Quicker reviews and faster adoption
When creating an Extension, keep in mind the flow broadcasters will follow the first time they use it. Following is a list of ways that you can simplify your configuration to increase adoption and speed up the review time of your Extension:
- Complete a quality assurance pass on your Extension. The more you do to ensure that the setup and usage of your Extension is a smooth experience, the quicker the reviewer can get through the review and help you release your Extension.
- Make sure the configuration page can be saved successfully and the Extension can be activated.
- Once activated check that the Extension loads when activated on a channel.
- Complete some functionality flows and make sure they don’t cause the user to become stuck at a certain page, or crash the Extension.
- Consider asking a friend or colleague that is unfamiliar with the Extension to run through the experience to see if they understand the purpose of the Extension and can navigate the flow.
- While it is required to provide a review channel link, you are not required to have your review channel live while waiting for your review to be complete. Extensions that allow the broadcaster to successfully configure the Extension with no use of an external application or game data connection do not require a continuously live review channel. Panel-only Extensions also do not require a continuously live review channel. If your Extension requires a specific game environment or backend service to be live for it to function, please provide your availability for review times within 9AM - 5PM PT in the Walkthrough Guide and Change Log. We will reach out and request another review time if we find that your review channel is not live at the time of the review.

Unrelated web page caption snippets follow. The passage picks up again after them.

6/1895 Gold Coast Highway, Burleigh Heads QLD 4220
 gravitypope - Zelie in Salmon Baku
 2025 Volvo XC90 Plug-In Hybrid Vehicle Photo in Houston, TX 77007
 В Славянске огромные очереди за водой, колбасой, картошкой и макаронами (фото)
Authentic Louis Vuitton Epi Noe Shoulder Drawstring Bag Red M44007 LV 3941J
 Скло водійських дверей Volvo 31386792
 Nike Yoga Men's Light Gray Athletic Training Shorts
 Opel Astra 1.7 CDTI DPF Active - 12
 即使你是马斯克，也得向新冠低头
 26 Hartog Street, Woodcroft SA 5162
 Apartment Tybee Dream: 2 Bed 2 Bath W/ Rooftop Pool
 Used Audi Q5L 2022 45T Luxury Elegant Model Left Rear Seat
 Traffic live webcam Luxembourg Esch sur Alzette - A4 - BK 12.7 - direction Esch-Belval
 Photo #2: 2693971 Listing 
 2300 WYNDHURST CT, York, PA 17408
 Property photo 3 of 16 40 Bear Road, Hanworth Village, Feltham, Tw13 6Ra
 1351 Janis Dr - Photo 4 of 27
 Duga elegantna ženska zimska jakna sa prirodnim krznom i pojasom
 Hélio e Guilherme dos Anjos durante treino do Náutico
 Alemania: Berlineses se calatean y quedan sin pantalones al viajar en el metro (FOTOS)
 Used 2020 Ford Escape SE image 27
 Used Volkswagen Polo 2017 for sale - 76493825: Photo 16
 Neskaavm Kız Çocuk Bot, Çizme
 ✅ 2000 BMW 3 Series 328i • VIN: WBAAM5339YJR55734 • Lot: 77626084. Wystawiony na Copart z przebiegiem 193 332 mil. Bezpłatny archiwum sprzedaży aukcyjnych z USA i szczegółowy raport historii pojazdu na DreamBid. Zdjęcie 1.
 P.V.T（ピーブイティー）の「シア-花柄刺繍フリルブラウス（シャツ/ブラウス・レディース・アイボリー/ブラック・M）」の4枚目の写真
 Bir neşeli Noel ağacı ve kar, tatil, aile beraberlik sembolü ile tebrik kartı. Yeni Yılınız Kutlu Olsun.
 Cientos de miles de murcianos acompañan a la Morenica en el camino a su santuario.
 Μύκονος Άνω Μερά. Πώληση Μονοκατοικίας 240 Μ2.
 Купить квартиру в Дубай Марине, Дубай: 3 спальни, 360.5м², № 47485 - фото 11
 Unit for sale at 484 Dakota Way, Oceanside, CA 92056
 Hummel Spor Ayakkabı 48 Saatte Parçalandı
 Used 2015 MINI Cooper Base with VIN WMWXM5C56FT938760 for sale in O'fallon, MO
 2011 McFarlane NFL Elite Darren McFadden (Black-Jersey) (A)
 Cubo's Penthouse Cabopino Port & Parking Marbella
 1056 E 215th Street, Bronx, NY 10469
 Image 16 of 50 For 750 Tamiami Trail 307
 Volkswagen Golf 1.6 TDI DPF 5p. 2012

- To improve the safety of the Twitch community regarding Content Security Policy (CSP) directives we added a new policy. Extensions developers must now set three new fields in the metadata of their Extension, “Allowlist for Image Domains”, “Allowlist for Media Domains”, and “Allowlist for URL Fetching Domains”. These fields will be used to define the allowed domains in the CSP directives. Here are some examples that would be acceptable for domain allowlisting:
- Public Hosted Site / Shared Hosting: when using AWS’s S3 the following URL would not be valid
https://s3.us-west-2.amazonaws.com/as it applies to every S3 bucket available. However, if you include your unique bucket name, in any format accepted by the service (such as
https://my-bucket.s3.us-west-2.amazonaws.com/) they would be allowable.
- Private URL:
- Public Hosted Site / Shared Hosting: when using AWS’s S3 the following URL would not be valid
Template for a helpful Walkthrough Guide and Change Log
When submitting your Extension for review, you are required to submit a review channel. While the Change Log is useful for the review team to take note of new or altered features, UI or code changes, providing a Walkthrough Guide is just as essential for a timely review. This guide can include things like testing account credentials, your chosen code language, or even required applications for your Extension to be reviewed with minimized delays. We strongly recommend including a thorough Walkthrough Guide and itemized Change Log. Please feel free use this template below:
[Information regarding backend allowlists, source code, game/app requirements for review, and/or test account details if account is required]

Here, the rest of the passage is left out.